Eat, Drink And Be indie: Tasty Recipes, Inspiring Maker Stories & Exclusives

Hayden Flour Mills

Jeff Zimmerman is fulfilling a dream that first took seed in 1868. That’s when Charles Hayden, a man on a mission to plant and mill wheat in the Northwest, settled in Arizona after being held up by the high waters of the Salt River.

Jeff, who grew up on a North Dakota farm (though never farmed), purchased the Hayden Flour Mills trademark hoping to resurrect wheat varieties that hadn’t been grown for decades in order to offer a more wholesome and tastier flour. In 2010, Jeff found a 300-square foot space in the back of a sandwich shop in Queens Creek, barely 40 miles outside of Phoenix and 30 miles from Tempe where Hayden’s original mill operated until 1998. There seriously must be something in the water there, because the space in the sandwich shop Jeff was drawn to was run by Marco and Chris Bianco of Pizzeria Bianco fame. They loved Jeff’s idea of buying locally grown and milled flour made from heritage wheat varieties. 

Jeff ordered a 1,000-pound millstone from Austria (which took up about 200 of those 300 square feet), but had trouble convincing farmers to plant the unfamiliar types of wheat. Finally, a farmer right there in Queen Creek volunteered 30 of his 800 acres for an experiment with White Sonoran wheat, a variety brought to the Southwest by European missionaries in the 1700s. 

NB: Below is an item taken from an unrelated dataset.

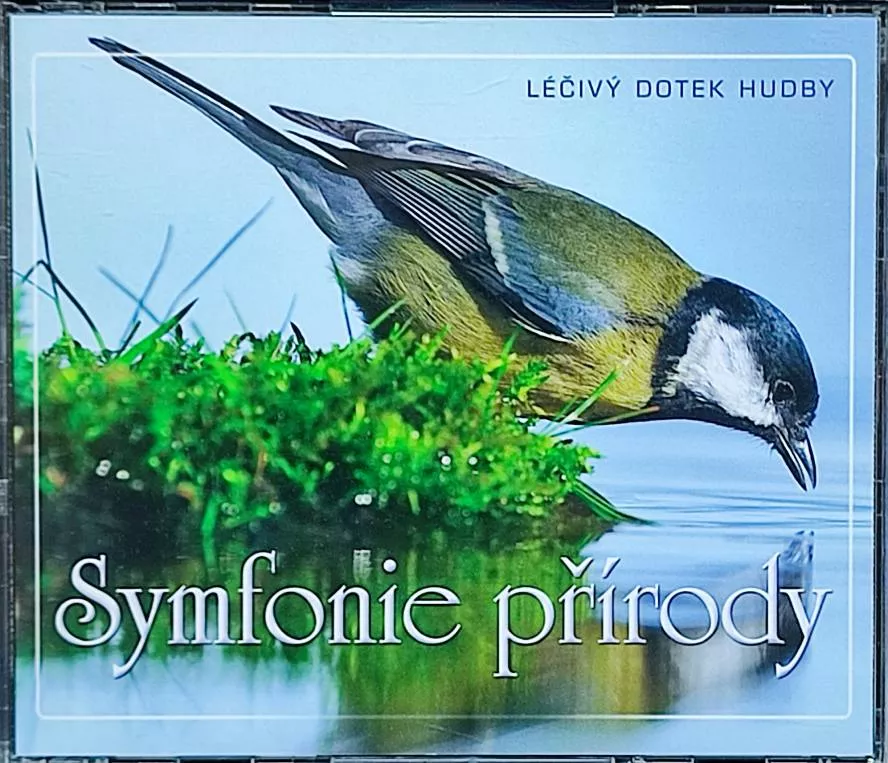 3CD Symfonie Přírody Léčivý Dotek Hudby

The stalks wound up thriving and Jeff has since convinced more than a dozen local farms to plant everything from farro (a nutty ancient grain that’s delicious on its own or as flour) to Blue Beard durum (a hard variety that’s often ground into semolina for pasta and pizza dough). Each flour lends its own distinctive taste and texture to polenta, pancake mix, crackers, etc. Local chefs and home cooks began to clamor for everything in their lineup. When demand outgrew his tiny digs, Jeff moved the whole operation to the farm that gave him his first shot. 

Still, Hayden Flour Mills’ production remains small, and the team tight-knit, with Jeff’s daughter at the helm, a bearded banjo player named Ben running the millstone and two of the farmers’ daughters helping with the books and other behind-the-scene tasks.

Better crackers come from better flour. And better flour comes from better wheat. Lucky for us, it all comes from Hayden Flour Mills.